Finding Myself in the Imperfect Present
- priscillawrites
- May 9, 2016
- 2 min read

I’ve always been a future-oriented type of person. But really, that’s just the nice way of saying I’ve always been a head-in-the-clouds type of person. To me, the future has always seemed like a perfect and beautiful place. Chalk it up to my idealism, that tendency in me to romanticize what might come, that causes me to be fascinated with possibility. The present, on the other hand, has always felt more like a transition. Sure, in moments it can feel beautiful and perfect. But most of the time it’s just what I’m stuck with, what I have to get through to reach that ideal, promised future.
Yet the more I think about it, the more I realize this approach is a recipe for wasting my life away. Don’t get me wrong, it’s great to have dreams for the future, great to be excited about possibility. But if that's my constant source of wonder and hope and excitement - well, then when will I ever truly be fulfilled?
The last year of my life has been the weirdest one yet. I graduated college with no full time job, and a very clear direction from God to wait, even though I didn’t really know what I was waiting for. There has been so much confusion at times, unanswered questions and open ended sentences. Sometimes I feel like I’m just sitting in a canoe with no oars, floating in the middle of a wide lake that I can’t even see the ends to.

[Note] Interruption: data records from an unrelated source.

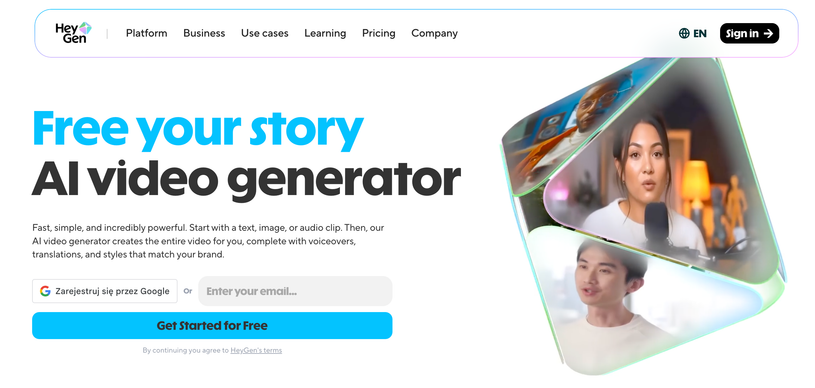HeyGen homepage with the Get Started for Free button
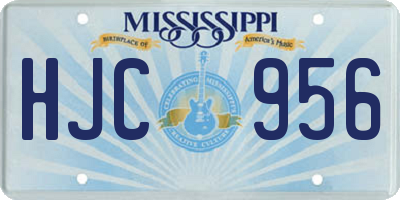 MS license plate HJC956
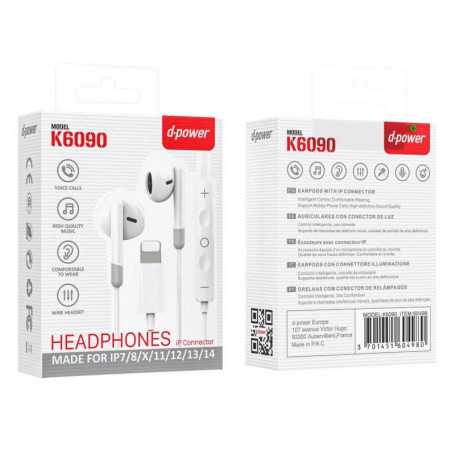 Lightning Hands-Free Kit Headphones K6090 by D-power - Direct Connection for Ultimate Sound Quality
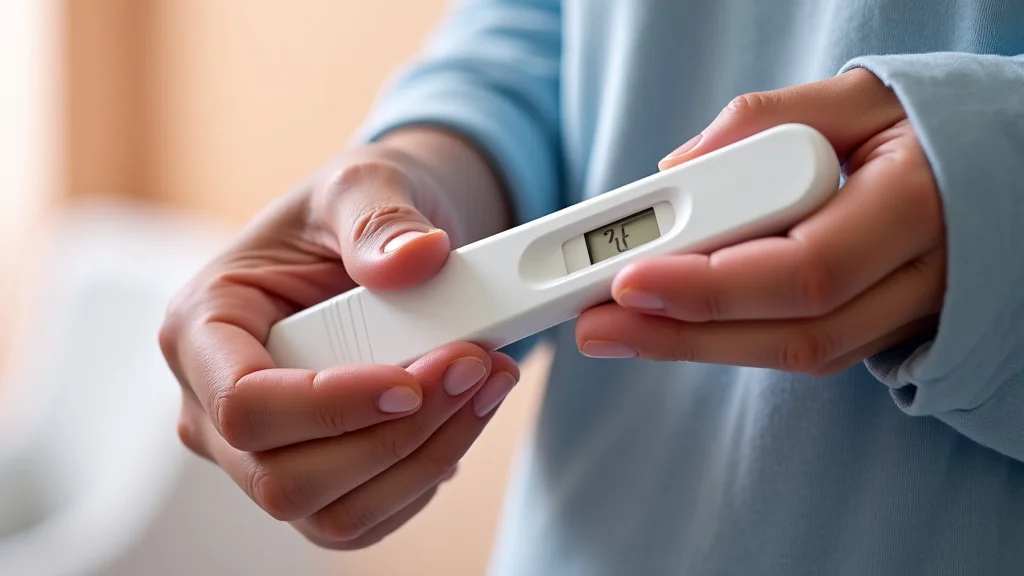 The image shows a positive pregnancy test with clear lines, illustrating pregnancy test symptoms explained clearly.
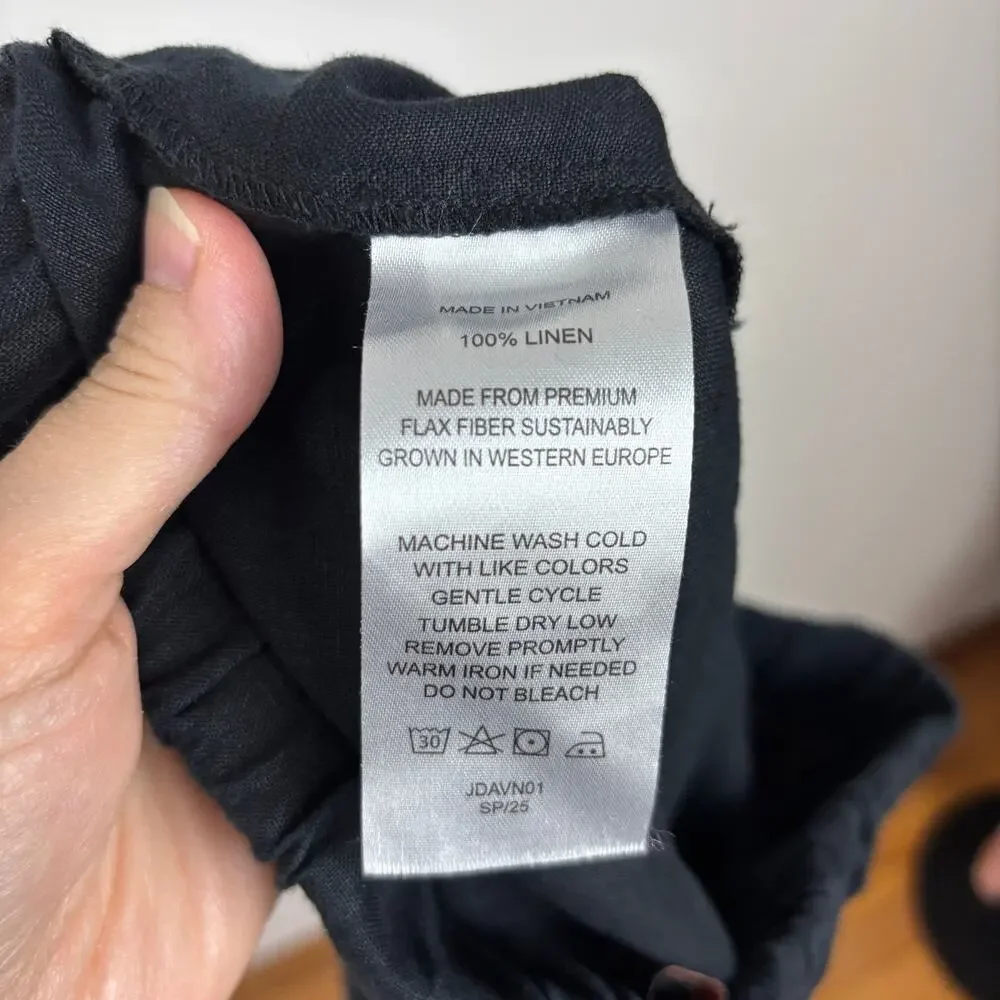 Quince 100% European Linen Tapered Ankle Pants Black Small coastal pull-on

And yet, God has never left, has He? He did not decide to send me out on this boat by myself and hope I’d figure it out on my own. There is purpose here, in the present. Even when my life is not where I thought it might be at twenty-three. Even when I wonder how exactly He’s going to get me to whatever it is He has for me.
So I am learning simply this: be present. Just because I’m not out on the mission field (yet), not married, not published, doesn’t mean this season is any less valuable. Actually, the fact that I’m “not there yet” on any of these things might even make this season more crucial, more valuable because it is the foundation, the building block, for all that is to come in my life.
What a waste it would be to be so blinded by the lovely but elusive concept of the future that I miss the beauty and the meaning of the now. I don’t want to be a head-in-the-clouds type of person anymore. Not if it’s going to keep me from the still, small beauty of the imperfect, but purposeful present. After all, if God is here, in every small and seemingly insignificant facet of my life - then there’s no where else I’d rather be.